As I said yesterday, this team review is in no particular order and today we’re looking back at the performance of Force India.

Force India, 0 wins, 0 poles, 7th in Constructors’ Championship

When you cover F1 you inevitably spend more time on the leading teams, less on the midfield and less still on the ones at the back. When I look back on this season, I realise that I didn’t write all that much about Force India in comparison to other teams on their level, like Williams, with whom the team was locked in a battle for sixth place in the championship.

That in itself is noteworthy. This is the team which trailed at the rear not so long ago as Midland and then Spyker. Although the highs of 2009 – with the pole and fight for the win in Spa – were not repeated, Force India were ahead of Williams until the final race where Williams nicked the position, worth something like €6 million in extra prizemoney.


As with the year before the stability of the Force India package was based on the back end of the car bought in from McLaren and Mercedes. The team was in the position of most of the others of having to copy the season’s two must have tech gizmos, the F Duct and the blown diffuser. They did a nice job on the F Duct, being the first to see the added benefit of blowing the air out through the main plane of the rear wing, rather than the flap. Other teams copied them, including McLaren the inventors of the F Duct, so that was a pretty nice compliment to the engineers!

They didn’t do so well with the blown diffuser, never quite getting it right, or rather never extracting the full benefit of it to the same extent as others. This partially accounted for them being caught by Williams in the second half of the year.
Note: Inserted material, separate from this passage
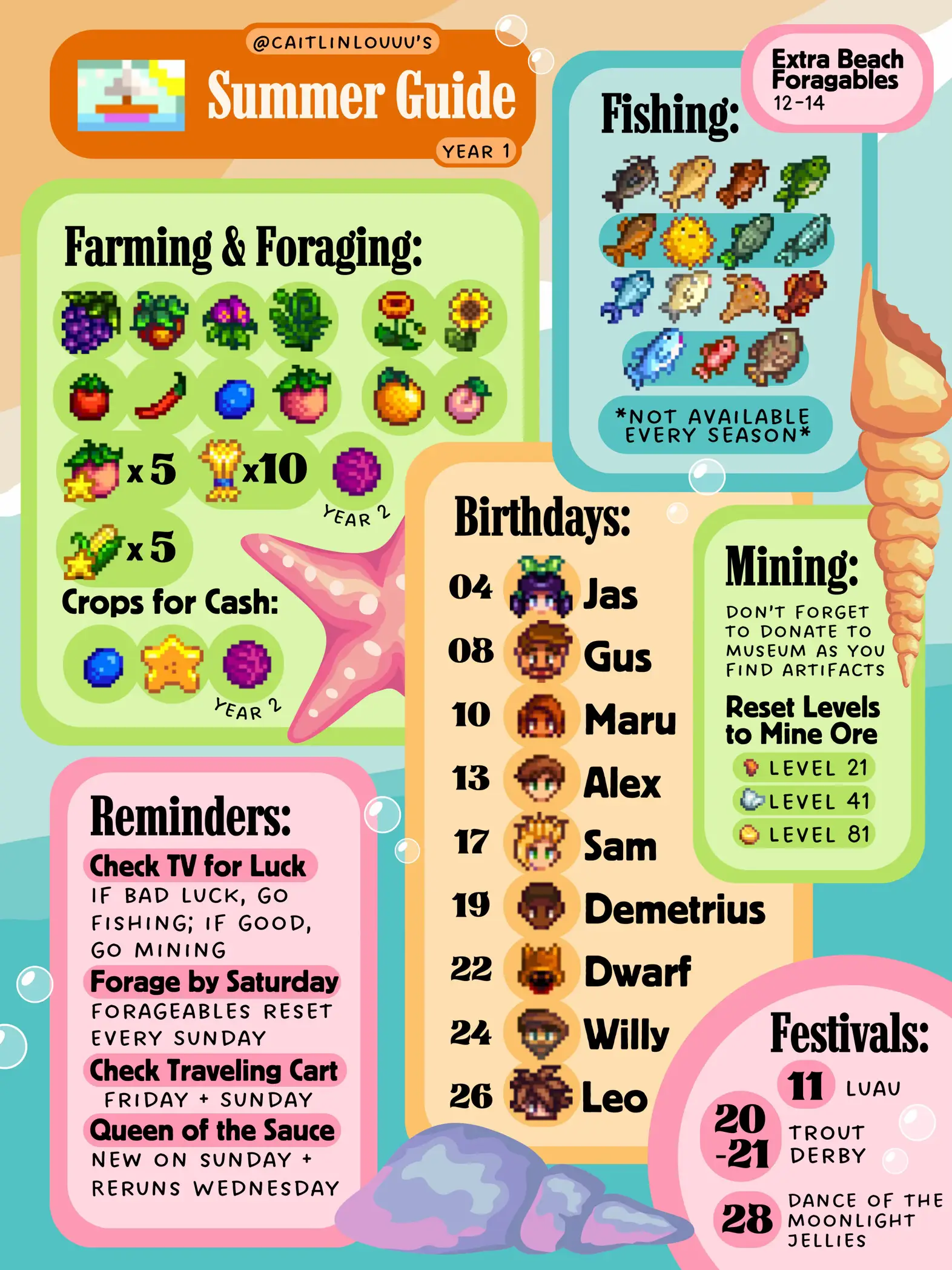 i-updated-the-stardew-valley-guide-gallery-posted-by-caitlin-lemon8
The other reason why they got caught was that both Williams drivers were qualifying in the top ten regularly and scoring points, where the Force India guys weren’t so consistent. Liuzzi is one of those drivers who can often have a mare but then four or five times a year produces something outstanding, as he did in Korea.
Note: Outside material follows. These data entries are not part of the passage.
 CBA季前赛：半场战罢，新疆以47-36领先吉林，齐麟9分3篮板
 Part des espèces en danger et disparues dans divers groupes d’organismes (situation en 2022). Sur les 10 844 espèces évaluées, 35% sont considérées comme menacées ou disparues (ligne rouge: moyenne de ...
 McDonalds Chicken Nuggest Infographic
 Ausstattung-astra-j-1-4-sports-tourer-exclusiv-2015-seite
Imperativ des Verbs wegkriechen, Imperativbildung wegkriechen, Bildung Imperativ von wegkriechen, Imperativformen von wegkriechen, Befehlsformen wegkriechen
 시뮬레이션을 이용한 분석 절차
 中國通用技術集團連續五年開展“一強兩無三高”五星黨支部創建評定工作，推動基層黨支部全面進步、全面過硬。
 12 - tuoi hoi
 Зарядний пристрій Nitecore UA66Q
Sutil scored more than twice the points of Liuzzi (47 to 21) bringing the car home in the points nine times this season to the six of Liuzzi. For both men the first half of the season was much stronger than the second.


I still haven’t made up my mind about Sutil. He’s obviously very skilled as he shows in the wet – although Korea was an exception this year – and he can be very fast. Will team owner Vijay Mallya keep both drivers next year? It’s a buyers’ market at the moment. The Force India is the most competitive drive still available and both Nico Hulkenberg and Paul di Resta are fighting the incumbents for a seat. Sutil brings money from Medion, which may swing it for him, but if I was Mallya I’d certainly take one of the two challengers.

Force India remains one of the most friendly teams to visit in the paddock. Many of the faces there go back to the Jordan days, like team manager Andy Stevenson and there are some very capable engineers there, led by Dominic Harlow.

But they’ve lost James Key, who joined Sauber mid season and more recently Mark Smith has gone to Lotus, so it’s up to the new guys to keep the momentum in this team in 2011. It’s going to take a little inspiration.

I’m hearing from some engineers from midfield teams that it’s going to be hard to stop the leading teams from opening up more of a gap over the midfield next year.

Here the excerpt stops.